Why China rare earth breakthrough in icy northeast could cement global dominance


Scientists in China have identified a new type of rare earths formation in the frigid northeastern provinces of Heilongjiang and Jilin – a discovery that could challenge assumptions about how rare earths occur across the country.

Unlike the clay-heavy deposits of southern China – which require chemical leaching to release the elements – the northern formations consist of loose sand and gravel formed by natural freeze-thaw cycles. This difference could make extraction more efficient, less costly and better for the environment.

The find could help China further secure its global dominance in rare earths production, just as Western countries – including the US – scramble to secure supply chains for the critical elements.

The discovery of the new deposits “could potentially rewrite the ‘heavy in the south, light in the north’ pattern of rare earth resources in China”, a team from the Chinese Academy of Sciences’ (CAS) Institute of Geology and Geophysics and the Heilongjiang Bureau of Geology and Mineral Resources said in a paper published in the Chinese journal Acta Petrologica Sinica last month.

Rare earth elements are a group of 17 critical minerals – including cerium, neodymium and dysprosium – that are used to produce electronics, large magnets, superconductors, and green and defence technologies.

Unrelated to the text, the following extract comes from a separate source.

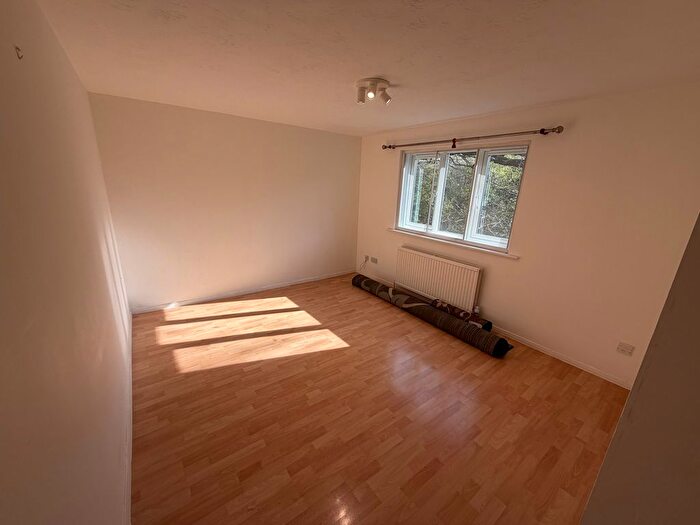 2 Bedroom Flat To Rent In Greenway Close, London, N11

As the world’s largest producer and consumer of rare earths, China handles nearly 90 per cent of global processing of the critical minerals.

The CAS-Heilongjiang team said that while rare earths were abundant in China, the places they were found did not always follow the patterns geologists would have predicted from rock types like alkaline granite.

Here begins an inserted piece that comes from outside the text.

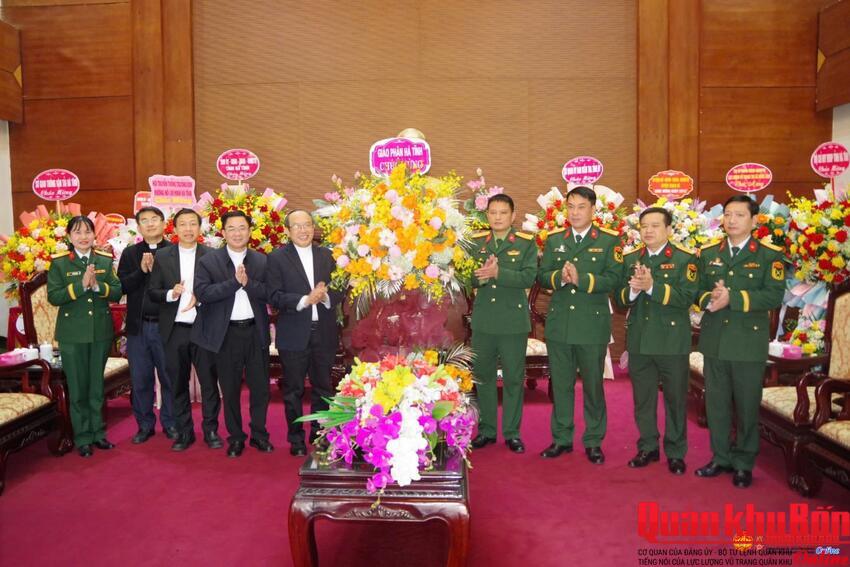Tổng đại diện Giáo phận Hà Tĩnh chúc mừng Bộ CHQS tỉnh nhân kỷ niệm Ngày thành lập Quân đội Nhân dân Việt Nam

Currently, the abundant deposits found in southern China contain mainly heavy rare earth elements, while those in the north – such as the Bayan Obo mine in the Inner Mongolia autonomous region, the largest rare earth deposit in the world – contain mainly light rare earth elements.

A worker poses at a rare earth processing plant not far from Bayan Obo. Photo: Sinopix

Heavy rare earth elements are generally more valuable because they are scarcer and harder to extract, with demand driven by their role in the production of permanent magnets and electric vehicles.

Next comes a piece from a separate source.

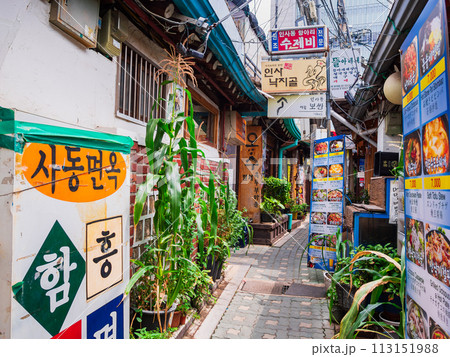 ソウル　仁寺洞　路地の食堂 113151988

One form in which rare earths occur – including within the Bayan Obo deposit – is trapped in hard-rock minerals such as bastnaesite, which require energy-intensive mining and chemical processing to break down.

In southern China, rare earths are largely produced from so‑called ion adsorption-type deposits – thick, weathered layers that form when rare earth-rich granites and volcanic rocks break down over long periods in warm, humid climates.

The process leaves behind clay minerals such as kaolinite, which hold the rare earth elements.

“Currently, ion-adsorption-type deposits are China’s most competitive rare earth resources, producing over 90 per cent of the world’s heavy rare earth elements,” the CAS-Heilongjiang team said.

Extracting the minerals can be inefficient and environmentally damaging, however, as it requires the use of chemicals to leach the rare earths out of the clay.

The process could leave about 20 to 25 per cent of the rare earth elements unrecovered, the team said.

After conducting surveys and sampling in Heilongjiang and Jilin, the team identified a new type of deposit containing abundant levels of both light and heavy rare earth elements.

In these mineral dissociation-type deposits, alkaline granite rocks have slowly broken apart under repeated freeze-thaw cycles.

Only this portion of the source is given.